Quelle foutaise ! On vient me casser les pieds, à moi, parce que je produis trop de déchets. Et c’est vrai d’ailleurs. Mais il va falloir que quelqu’un m’explique comment faire. Car je veux bien diminuer le volume de ma poubelle, qui effectivement déborde, mais qu’on aille d’abord enquiquiner les industriels et leurs services marketing et packaging. Le suremballage, j’y peux pas grand-chose : le gouter emballé individuellement dans un plastique souple, lui-même dans un autre plastique qui en contient trois autres, et le tout dans une boite en carton qui en contient un ou deux autres : c’est pas moi qui décide de tout ça – encore que si c’est proposé comme ça, c’est que nous, consommateurs, sommes demandeurs, même si la pub sait bien nous manipuler et nous faire croire que nos envies sont bien les nôtres. Sans compter que la boite que j’ai prise sur le rayon de mon Ôchiant ou Karfourlamoibienprofond était elle-même dans un carton de douze issu d’une palette de quarante ou cinquante. Quand j’ai jeté un kilo d’emballage, combien ont été générés avant ? Encore une fois, nos autorités (j’allais dire ‘responsables’ mais ce n’est pas adapté ni réaliste) se trompent de cible.

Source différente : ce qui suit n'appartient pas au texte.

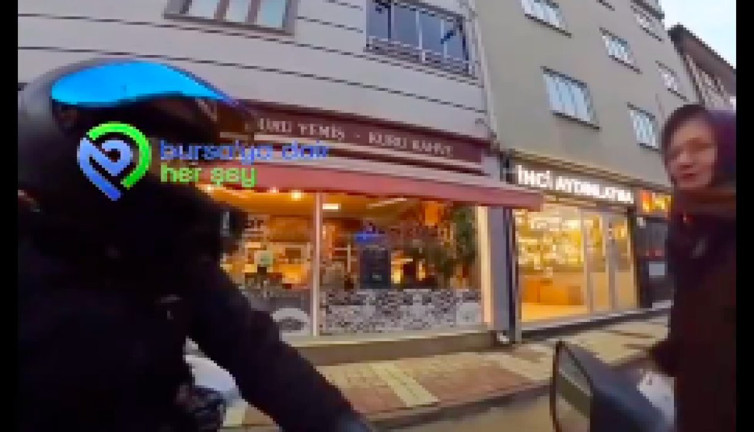 Motosiklet sürücüsüyle yoldan geçen teyzenin kalp ısıtan diyaloğu: "Kurban olurum sana"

Exemple : hier nous avons acheté un épilateur électrique – notre nado a du poil aux pattes. Le carton d’emballage mesurant environ 15x15x7 cm, je m’attendais donc à voir sortir un appareil un peu moins grand que son emballage. Hé ben non ! Un épilateur électrique, c’est tout petit, c’est moins gros que mon poing fermé, même ma fille a exprimé sa surprise de voir que le carton était au trois quarts vide et qu’une séparation séparait l’appareil miracle du vide de la boite. Je crois pouvoir dire au pif que la quantité de carton utilisé dans ce cas serait probablement diminuée de moitié et plus sûrement des deux tiers si l’emballage collait au mieux aux proportions de ce qu’il renferme. Sans compter la quantité de peinture pour le décor flashy et les textes qui vont avec, dont le recyclage n’est pas forcément simple. Alors lâchez-moi la grappe avec votre semaine à la con ! Même si j’ai effectivement le choix d’acheter intelligemment en évitant emballage inutile et suremballage débile, l’offre est restreinte, la balle est bien dans le cas des industriels, et par conséquent dans les mains de nos autorités, seules en position de les contraindre à changer et emballer mieux et moins. Mais les lobbys font leur boulot, et les intérêts financiers – tiens encore eux – restent mieux défendus que les intérêts de la planète. Hélas…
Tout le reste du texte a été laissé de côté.